Spotlighting their captives with flashlights, the guards shoved the men against the wall of the library and started to frisk them. The senior guard shone his flashlight on the torn backside of one man’s peacock blue shorts. “You a streaker, bud? I don’t think your butt’s so pretty that you ought to show it. I wanna see some I.D. What are you doing on this campus without authorization?” He noticed Keith hanging around behind him, and shone his flashlight into Keith’s face. “What’s your name, son?”
“Keith Doyle, sir. Power Hall.”
“Okay, Doyle. We’ll want a statement from you in the morning. In the meantime, get out of here. Thanks for alerting us.”

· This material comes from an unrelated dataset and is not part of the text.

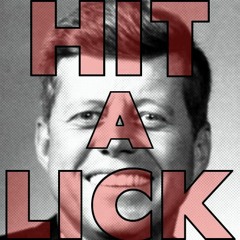 Hit A Lick - O-DuB n Rush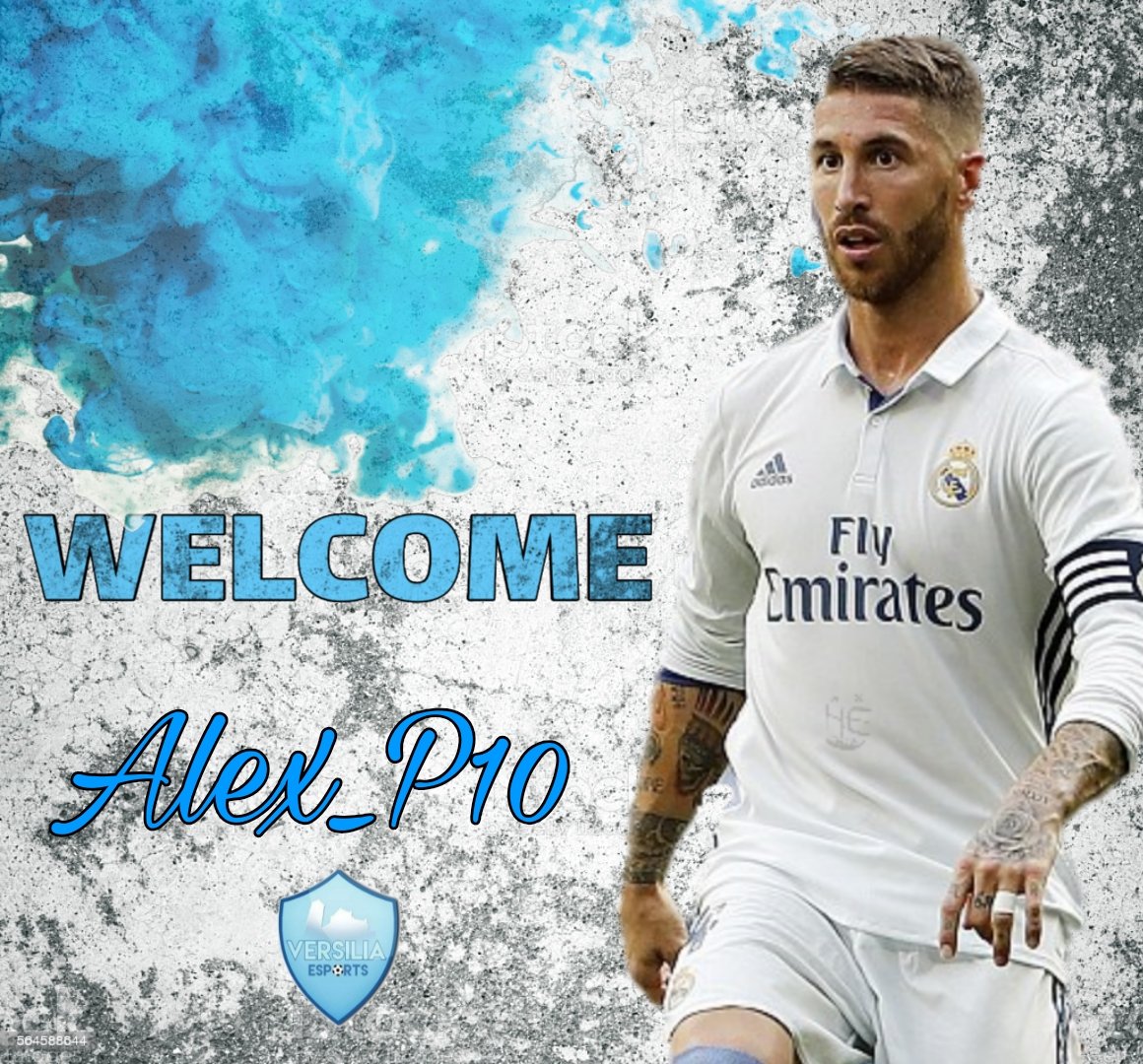 AlePrivitera10's tweet photo. Grazie @VersiliaE ⚪🔵 https://t.co/SsOdcIZkys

“Sure thing!” Keith waved a jaunty salute, half to the security officers, half to the invisible figures in the bushes. “Thanks again.”
“I’m gonna get you, kid!” the muscular thug shouted. “Now it’s personal!”
“Up against the wall, you,” the guard growled, shoving him back into place.
***
Chapter 35
“Keith!” Marcy came running up to him as he walked Diane toward the Science Building for her Biology class. “Oh, Keith, I’m so glad to see you!”
“Hi, Marcy,” Keith greeted her warmly, and turned to Diane. “Diane Londen, this is Marcy Collier. We’re former fellow sufferers in Sociology class last semester. Marcy, Diane.”
“Hi,” Marcy said, a little offhandedly. It was clear she had something on her mind, but didn’t know how to convey it to Keith.
“Pleased to meet you,” Diane returned somewhat suspiciously. Keith saw the danger signals flaring in Diane’s eyes, and hastened to ask Marcy, “So how’s Enoch?”
There was nothing false about the glow which lit Marcy’s face. “Wonderful. I had the most marvelous time over the break. My mother didn’t understand why I didn’t come home, but …” She smiled again and blushed. Beside Keith, Diane relaxed.
“So how’s everything else?” Keith asked meaningfully. “I haven’t seen the Folks lately. Most of them aren’t speaking to me.”